How did the dueling Wild Party's affect box office

steve.sometime
#1How did the dueling Wild Party's affect box office
Posted: 6/8/24 at 5:03pm

As a theatre fan, my immediate reaction to 2 Wild Party's, or if it happens, 2 Gatsby's playing in New York at the same time, would be: I need to see both! Kind of like the Barbenheimer situation, regardless of which one is better. If possible, I would even see both on the same day. But I can't help feeling that might not be how it played out. Can someone shed some light on the audience reaction to the 2 Wild Party's playing at the same time? Specifically, did it help both shows, because you want to compare? Or did the word of mouth pick a winner, causing the other one to see a clear decline at the box office? Or did the general public care at all?

At last, if the Broadway Gatsby is still around when the Boston Gatsby comes over, would you see both together again?

rosscoe(au) Profile Photo
rosscoe(au)
#2How did the dueling Wild Party's affect box office
Posted: 6/8/24 at 5:07pm

I think Mandy Patinkin had more impact on the box office with his behavior from memory. 


Well I didn't want to get into it, but he's a Satanist. Every full moon he sacrifices 4 puppies to the Dark Lord and smears their blood on his paino. This should help you understand the score for Wicked a little bit more. Tazber's: Reply to Is Stephen Schwartz a Practicing Christian

jagman106
#3How did the dueling Wild Party's affect box office
Posted: 6/8/24 at 5:47pm

Based on my memory, the Lippa production was better reviewed than the LaChiusa production, but that Broadway version boasted Toni Collette just coming off her starring role in The Sixth Sense and the real star IMO, Eartha Kitt, who along with Patinkin to a lesser extent were the real draws. The show featured many theater regulars. The Off-Broadway production boasted a number of theater regs before they really reached stardom or recognition, although Menzel and Diggs already had a Rent following. I think most of us who regularly attended theater saw both, but for more casual theater-goers, they were more likely to see the Broadway version. As I recall, the overlap was brief with the Lippa production opening before the LaChiusa one, and neither production played for very long. Whether one show cannibalized the sales of another is a good question, but I doubt it, and I think there was less interest in the subject matter than in the performers.
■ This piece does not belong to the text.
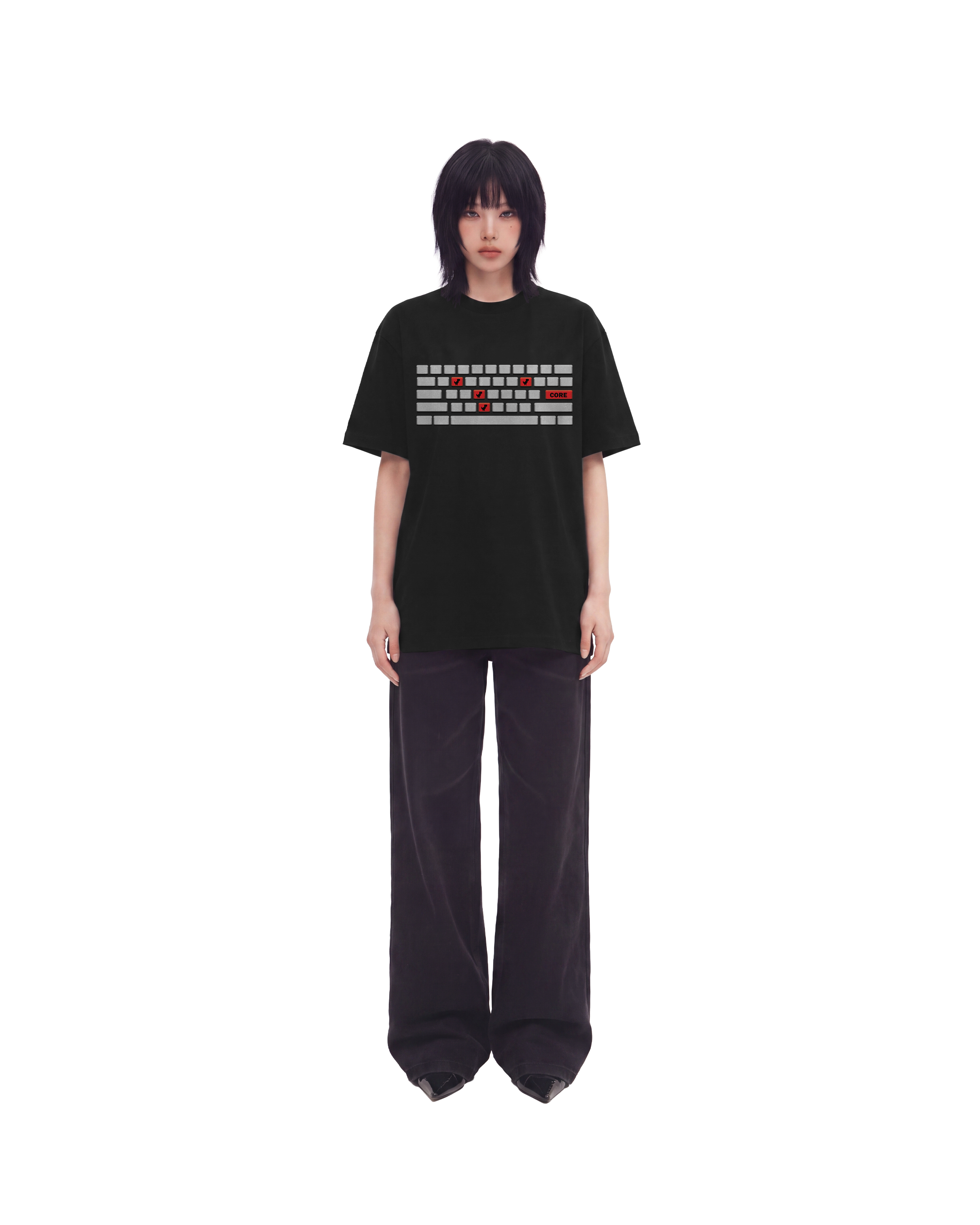 RETURN 0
Updated On: 6/8/24 at 05:47 PM

Kad Profile Photo
Kad
#4How did the dueling Wild Party's affect box office
Posted: 6/8/24 at 6:37pm

I would think the two shows were largely playing to different markets, and Lippa’s was at MTC, a nonprofit, so box office wasn’t as much of a factor there. 


"...everyone finally shut up, and the audience could enjoy the beginning of the Anatevka Pogram in peace."

Alex Kulak2
#5How did the dueling Wild Party's affect box office
Posted: 6/8/24 at 6:48pm

The Lippa Wild Party being non-profit/off-Broadway makes this kind of apples to oranges, since it was always going to have lower grosses/attendance.

JSquared2
#6How did the dueling Wild Party's affect box office
Posted: 6/8/24 at 6:53pm

Alex Kulak2 said: "The Lippa Wild Party being non-profit/off-Broadway makes this kind of apples to oranges, since it was always going to have lower grosses/attendance."
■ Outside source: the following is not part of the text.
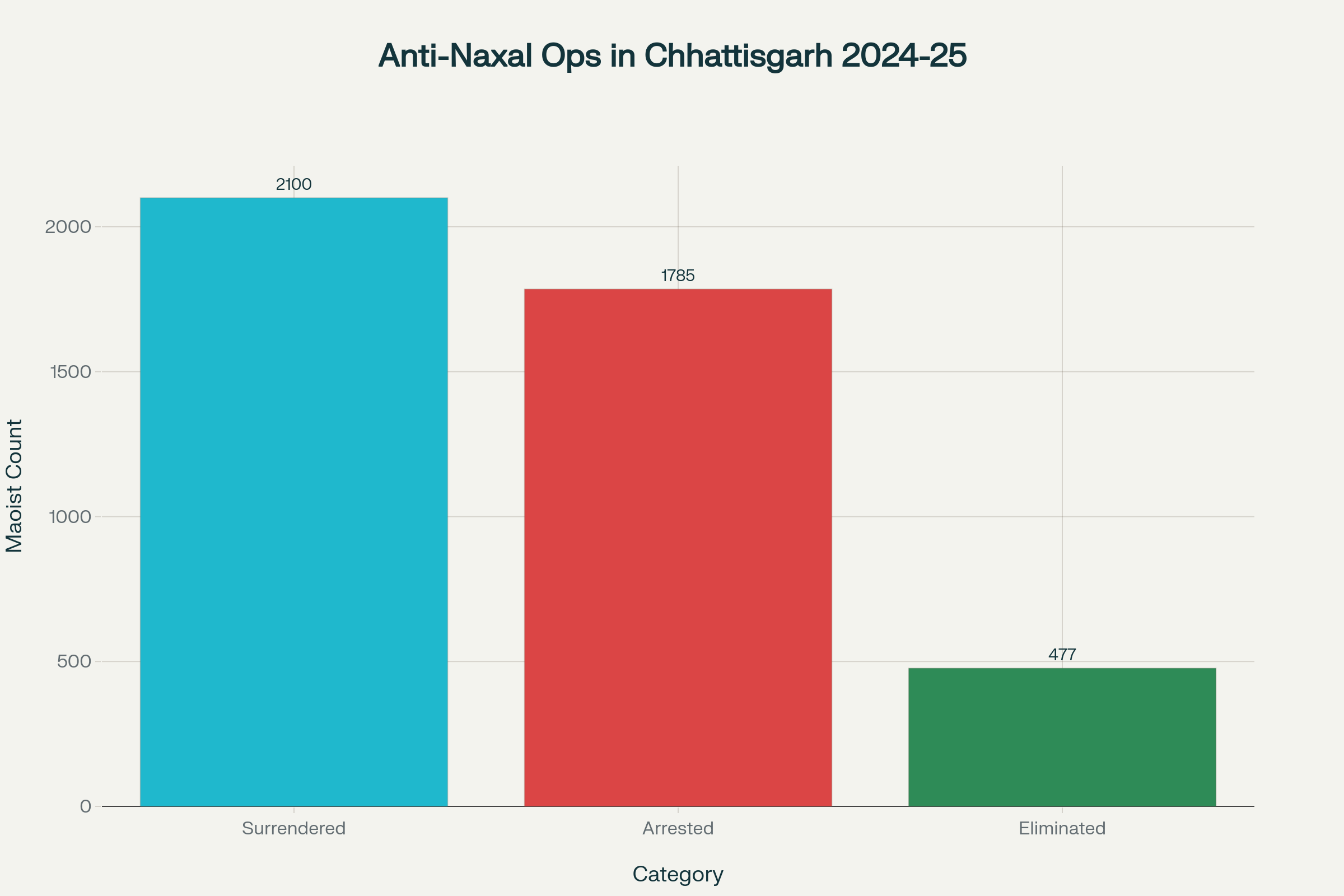 Comprehensive anti-Naxalism operations in Chhattisgarh show multi-pronged approach to achieving Naxal-free India goal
Yes the Lippa version was at MTC off-Broadway and was pretty much sold out with their subscriber base before it even opened. I don’t recall if they extended —but it was a near impossible ticket to get. 

AEA AGMA SM
#7How did the dueling Wild Party's affect box office
Posted: 6/8/24 at 9:57pm

It’s also worth noting that they only overlapped for a month during previews of the Broadway production. The Lippa version ran from February 24 to April 9. LaChiusa's version began previews on March 10 and opened on April 13.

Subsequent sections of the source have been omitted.